## Description of the task
Please restate the records that follow exactly, skipping their images.

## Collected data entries
+-------+
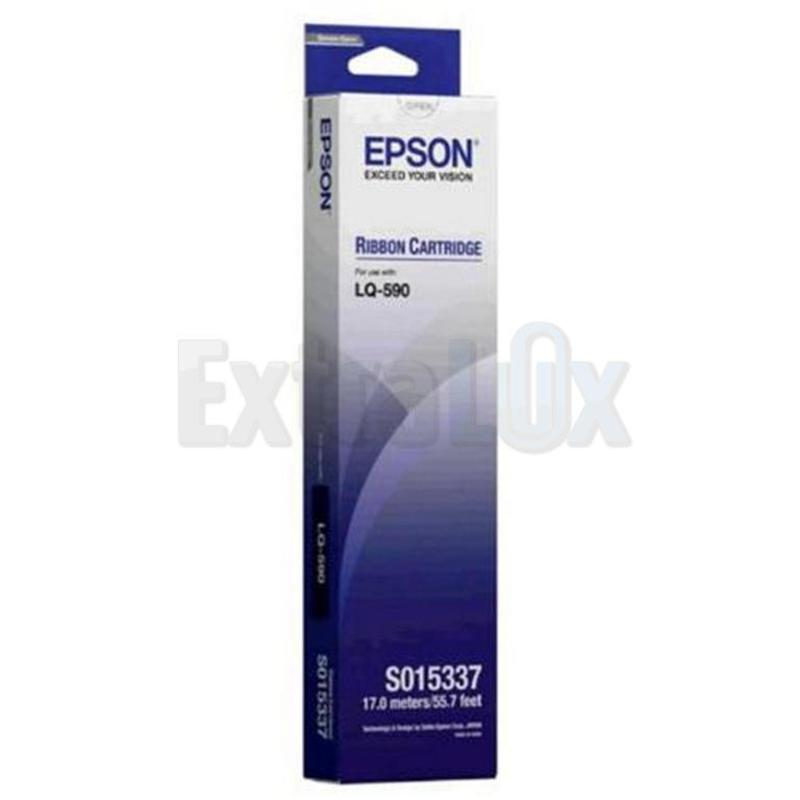 EPSON TRAK C13S015337/C13S015589 ZA LQ-590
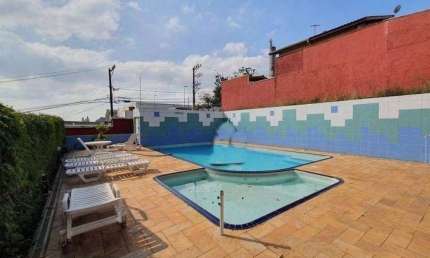 Sobrado Residencial à venda, Jardim da Glória, Cotia - SO0068.
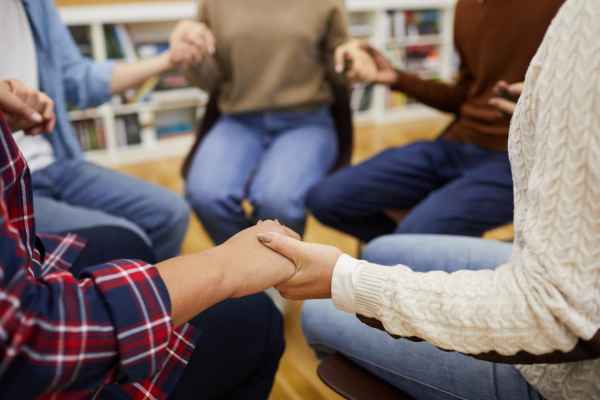 Finding Strength Together: The Top Benefits of Joining Addiction Recovery Support Groups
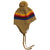 Coal The Bert Beanie Khaki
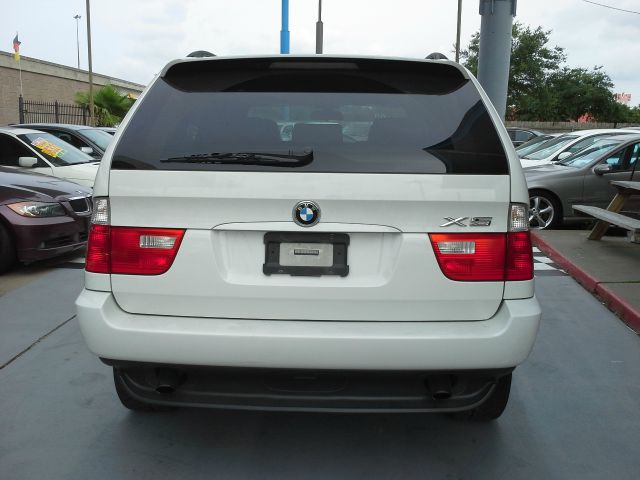 BMW X5 2006 photo 17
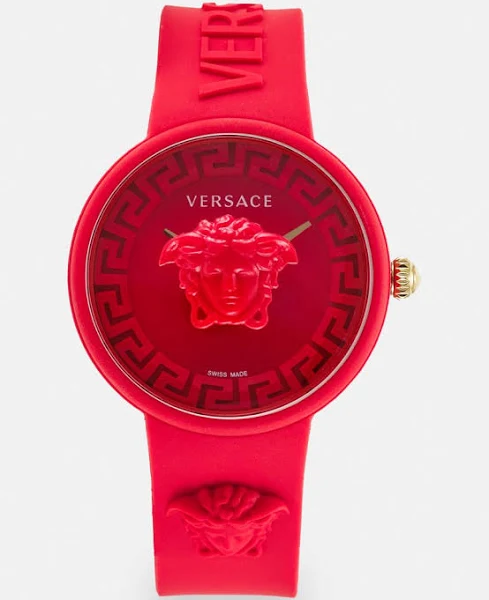 Zegarek damski Versace Meduza Pop SET VE6G00723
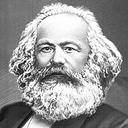 Карл Маркс - фото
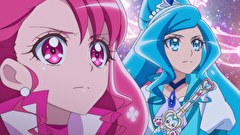 ヒーリングっど♥プリキュア　第４４話　みんなでお手当て!!すこやかな未来のために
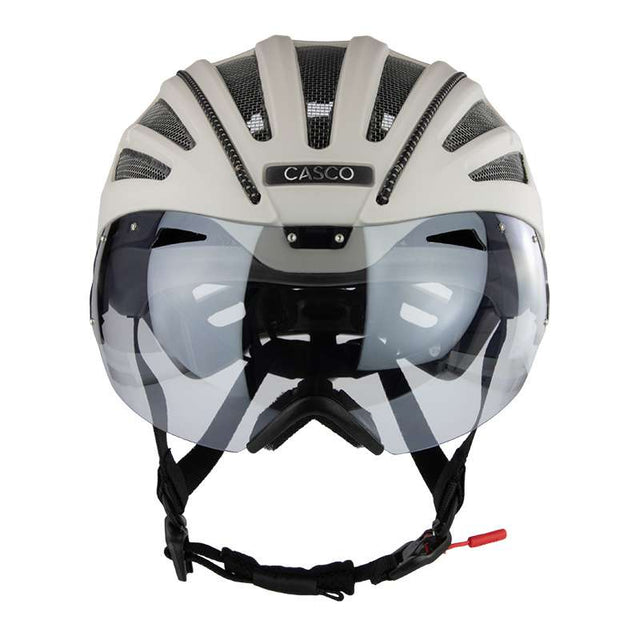Casco SPEEDairo Nitro Silk cykelhjelm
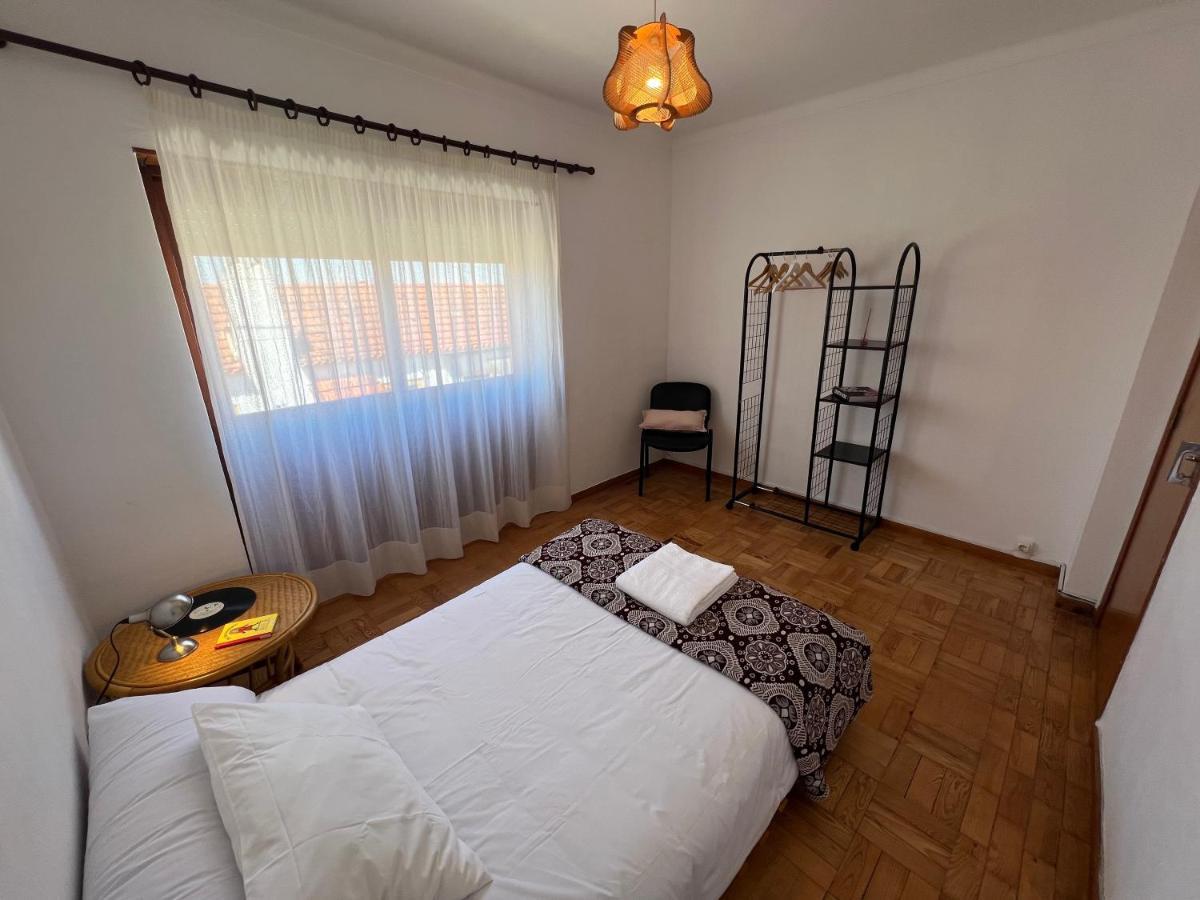 Moradia Xico'S House Coimbra Ngoại thất bức ảnh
+-------+
## Written reply
 EPSON TRAK C13S015337/C13S015589 ZA LQ-590
 Sobrado Residencial à venda, Jardim da Glória, Cotia - SO0068.
 Finding Strength Together: The Top Benefits of Joining Addiction Recovery Support Groups
 Coal The Bert Beanie Khaki
 BMW X5 2006 photo 17
 Zegarek damski Versace Meduza Pop SET VE6G00723
 Карл Маркс - фото
 ヒーリングっど♥プリキュア　第４４話　みんなでお手当て!!すこやかな未来のために
Casco SPEEDairo Nitro Silk cykelhjelm
 Moradia Xico'S House Coimbra Ngoại thất bức ảnh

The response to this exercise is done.